肩あたりをふれようとしたけれど、わたしの指先はヨルの体の中にゆっくり飲み込まれていく。
やっぱりそうか、ヨルの体はおばけみたいに実体がないんだ。
でもなんだろうこれは。
ヨルの体の中に入った指先がなんか変。
とろみのある液体の中に手を入れたような不思議な感じがする。
「ねえ、この体どうなっているの?」
「さあ、私が作ったわけじゃないから分からないよ」
え、そうなの。でも言われてみればわたしの体もわたしが作ったわけじゃないし、この体がどうなっているのか分からない。

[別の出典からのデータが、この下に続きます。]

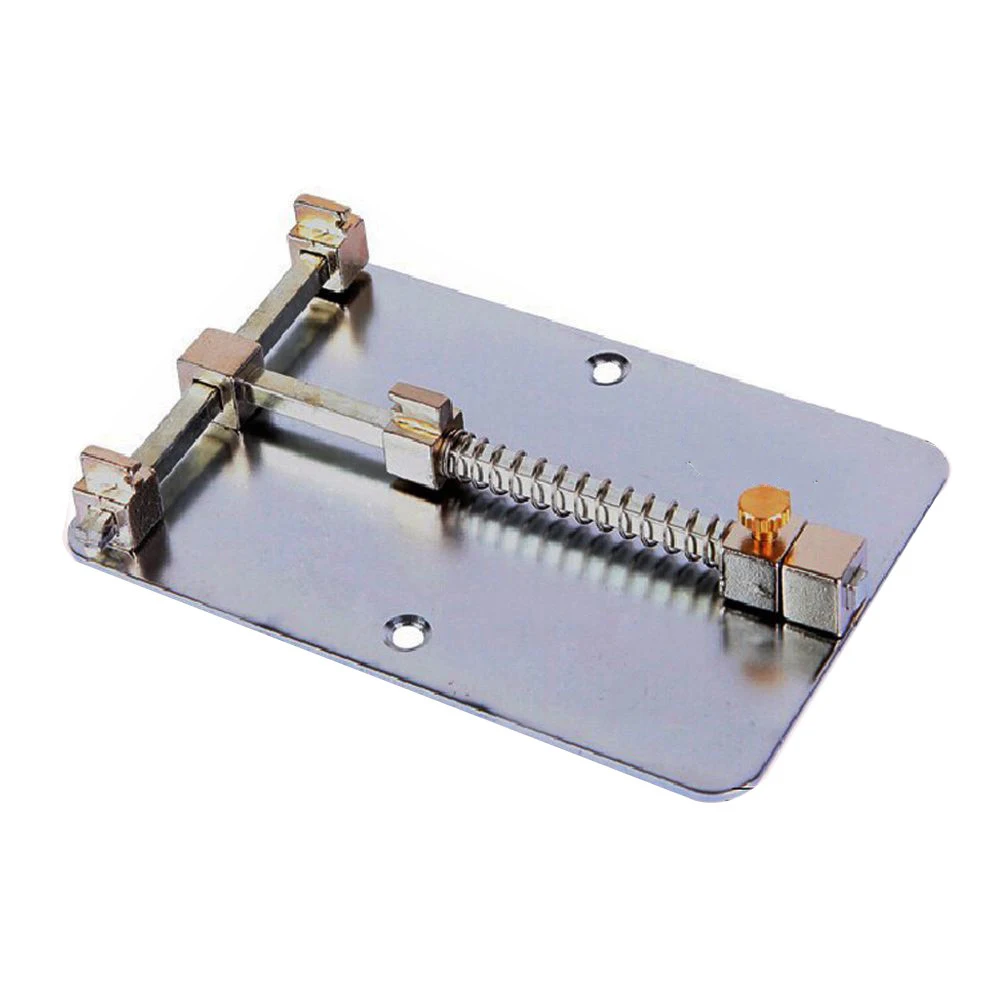 Pcb Rework Clamp Stainless-Steel-Mobilephone-PCB-Holder-Jig-Fixture-Clamp-Universal ...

「ヨルって誰にでも姿は見えるの?それともわたしだけ特別に見えているの?」
「どうだろうね。私が見えるかどうかその人に聞いてみないと分からないよ」
ヨルって不思議。いろいろなことたくさん知ってそうなのに、自分自身のことになると何も知らないみたい。いや興味がないから知ろうとしないのかな。

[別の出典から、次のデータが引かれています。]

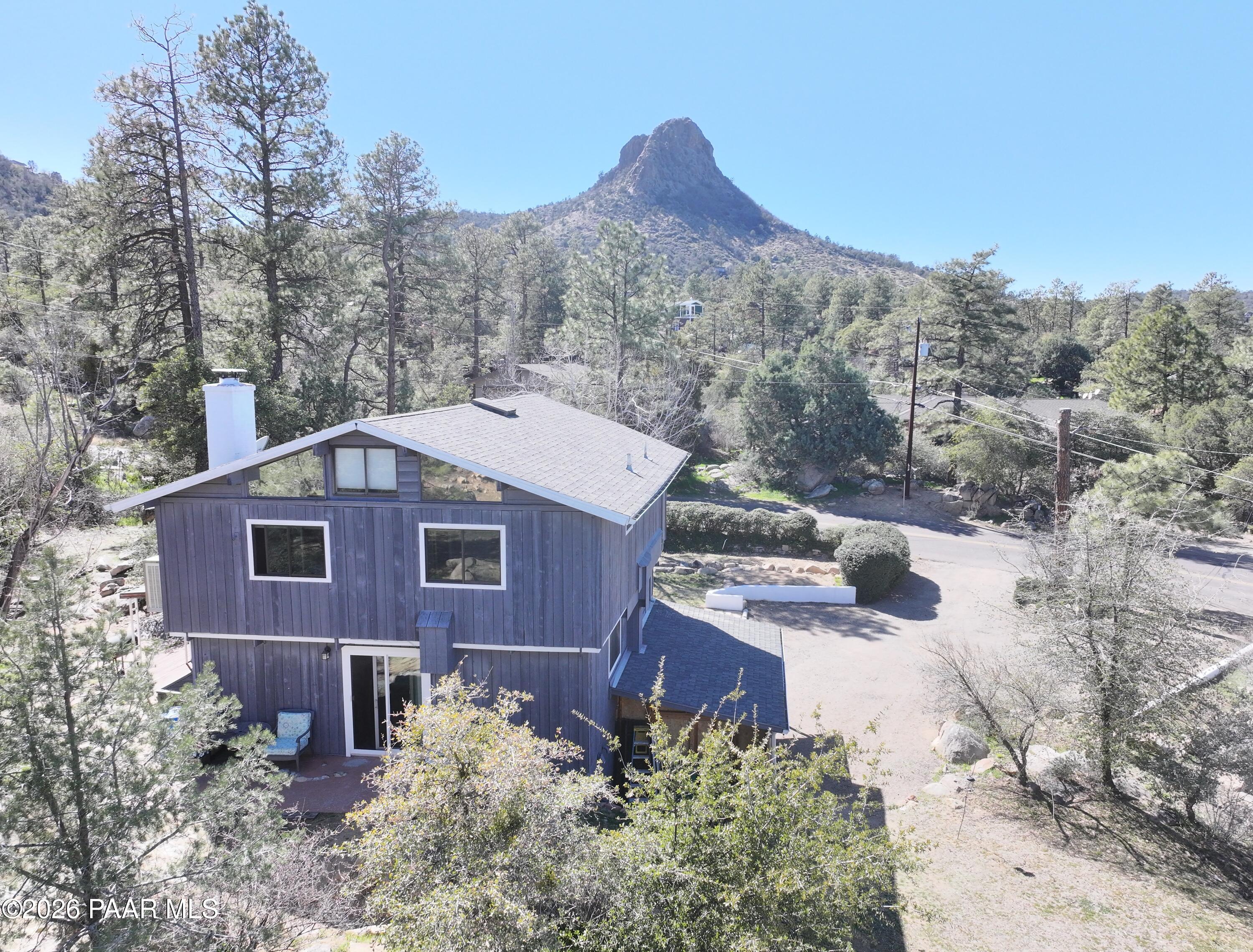 1963 Idylwild Road Prescott, AZ 86305 - Photo 45 of 54 West Drone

ヨルの正体はぜんぜん分からないのに、わたしはヨルのことをどんどん好きになっていく。
それになんかしっくりくる。生まれたときからいっしょにいるみたいな気分。
ヨルがいてくれたら、お父さんとお母さんにほっておかれても、友だちにのけものにされても平気になれるかもしれない。
ずっとわたしのそばにいてくれないかな。
そうだ、さっき話をしたり聞いたりするって言っていたよね、それって、もしかしたら。
「ねえ、ヨルはわたしの友だちになってくれるの?」
「友達って群れることだよね。だったら同じ人間同士で群れないと意味ないよ」
「なんで?一緒にいればそれで友だちでしょ」
「違うよ。群れることが生命の維持に役立ったからそうなっただけだよ」
ヨルの話はよく分からない。でも何か大切なことを聞かされているような気分になる。
「君の体だって微生物が群れたおかげでそうなれたのだから」
やっぱり分からない。
「わたしにも分かるようにお話してほしいなあ」
わたしがそういうとヨルはにやりと笑って言った。